In terms of another significant characteristic of McElfatrick’s theater designs was the placement of the theatre on the first floor. Often his renovated or newly constructed theaters were the first in an area to place the entertainment venue on the ground level. He also included multiple exits, sprinkler systems, and improved dressing rooms. As I surveyed newspaper reviews of his buildings, I noticed that many of his theatre designs lowered the stage floor and constructed a raked floor for the auditorium seating. Furthermore, a secondary floor to place over stationary auditorium seating was also another feature that McElfatrick used. This transformed the space into one long banquet hall that extended the entire length of the room that continued onto the stage.

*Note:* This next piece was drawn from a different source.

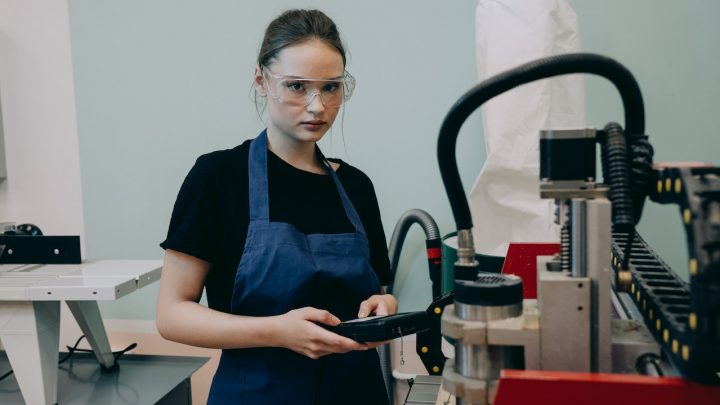 Czym się charakteryzuje technologia CNC?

William McElfatrick initially studied architecture in his father’s office, but moved to Chicago after the 1871 fire. There he joined the firm of W. W. Boyington, as work was so plentiful and presented great opportunities for a young architect to make his mark. He returned to New York in the 1880s and began working with his father again. From the mid-1880s until his father’s passing in 1906, the firm was incredibly productive. In Canada, William H. McElfatrick and his father designed theatre buildings in Ottawa, Montreal, and Quebec.
What I found fascinating in looking at various articles during the mid-1890s, is that many of the new theaters credited to the firm were remodels. For example, the Lowell Opera House, the Avenue Theatre in Pittsburg, and the Howard Auditorium in Baltimore were three examples; all remodeled during 1894-1895. In each case the stage was enlarged, necessitating the purchase of a new drop curtain and scenery. Thomas G. Moses was there to create the stock scenery. Just as Moses had travelled throughout the west in the 1880s, painting scenery for new theaters that replaced burned predecessors, he was now following the theatre renovation parade.
And there was also a fraternal connection for both J. B. and his son William. William was a member of the Benevolent Protective Order of Elks (B.P.O.E.). He was a member in the Brooklyn Lodge at Atlantic City (The Brooklyn Daily Eagle, 11 July 1895, page 1). I have not been able to find a Masonic connection, but his father was a Freemason and it was unlikely that William would not follow in his footsteps. J. B. McElfatrick’s obituary published, “He was a Mason, was widely known to theatrical people all over the country, and was in active charge of his business to the last” (New York Times, 7 June 1906, page 7).
So here is where my two worlds intersect; McElfatrick was an architect who renovated dozens of existing buildings to include a stage and was also an active Freemason. His work was well known in Indianapolis, Columbus and Cincinnati, all cities that implemented some of the earliest stages for Scottish Rite degree productions in renovated buildings. What are the possibilities that McElfatrick was involved in the transformation of degree work that shifted the historical reenactments from the lodger room floor to the elevated stage?